It’s been difficult to ignore the furore across the Pond over the George Zimmerman acquittal. My Facebook feed has filled with heated invective from everywhere, and I’ve found myself intervening. I’m not qualified in US law, but every US state shares some foundational features with the legal systems that I do know about.
I’ve had to point out that “acquittal” is not to be equated with “innocence:” a verdict of “not guilty” simply means that the prosecution has failed to make out its case to the requisite standard, which—in a criminal trial—is “beyond reasonable doubt.” I’ve also had to point out that the accused doesn’t have to prove anything: all he has to do is raise a reasonable doubt.
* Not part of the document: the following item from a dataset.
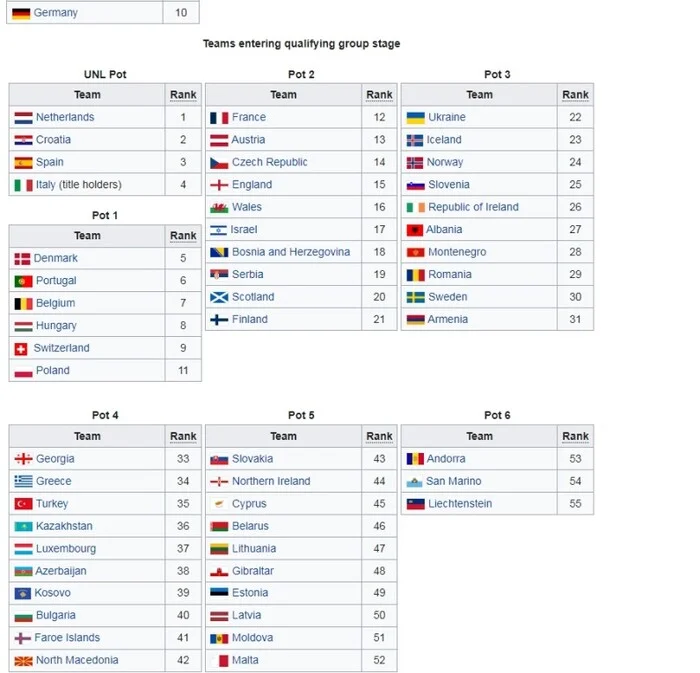 Tabela Zmajevi Kvalifikacije Za EP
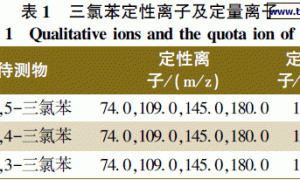 气相色谱－质谱法测定溶剂型涂料中三氯苯的含量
The best article I’ve read on the case—one that understands that law is seldom neat—is this one, by William Saletan, in Slate.
However, in response to the verdict and in the heat of scrounging up every injustice possible in the Trayvon case, multiple people started alleging that the Koch brothers had funded George Zimmerman’s legal defense. Every jack of the allegers was also dead keen to deny Zimmerman the presumption of innocence, or to try him again, or to condemn Florida’s “stand your ground” law. Yes, this Brit thinks a law like that is plainly barmy, but as Saletan points out, it was irrelevant to the case: no-one invoked it. And the presumption of innocence and double jeopardy are rather foundational when it comes to this ol’ steamboat we call Western Civ: throughout human history, most legal systems have worked on the premise that “where there’s smoke, there’s fire.”
The left has an obsession with the Koch brothers; there’s even a documentary about how “evil” they are. However, many of the left’s accusations against the Kochs are largely untrue, including their involvement with the Trayvon Martin case.
Off I trotted to Snopes, where—unsurprisingly—I found the Koch funding allegation was untrue. I nearly wrote “slur” instead of “allegation” there, but no: did those so keen to waive the presumption of innocence in Zimmerman’s case desire that he not be represented? If the Kochs had paid his legal bills, I would not have cared.
However, I need to say something, and because I’ve got a lot of lefty friends, I’m hoping this post is spread far and wide: the Koch brothers are not evil. Koch money paid for a lot of the scholarship that fed into the pro-same-sex marriage amici briefs filed in Windsor v. United States. Koch money funded some of those briefs directly. Koch money (albeit indirectly) helped pay for this Reason Foundation Policy Brief (yes, I wrote that). Koch money has funded hundreds of scholars who are strong on social issues (everything from reproductive rights to same-sex marriage to the more typical drug legalisation). Often that funding is costly: in Britain, rights-based arguments cut no ice, so more expensive empirical study is to the fore. The Kochs cheerfully fund the lot.
So, lefties, sorry to burst your Kochtopus bubble: as Steve Horwitz observed yesterday, the “narrative of supreme evil does not hold, even by your own lights.”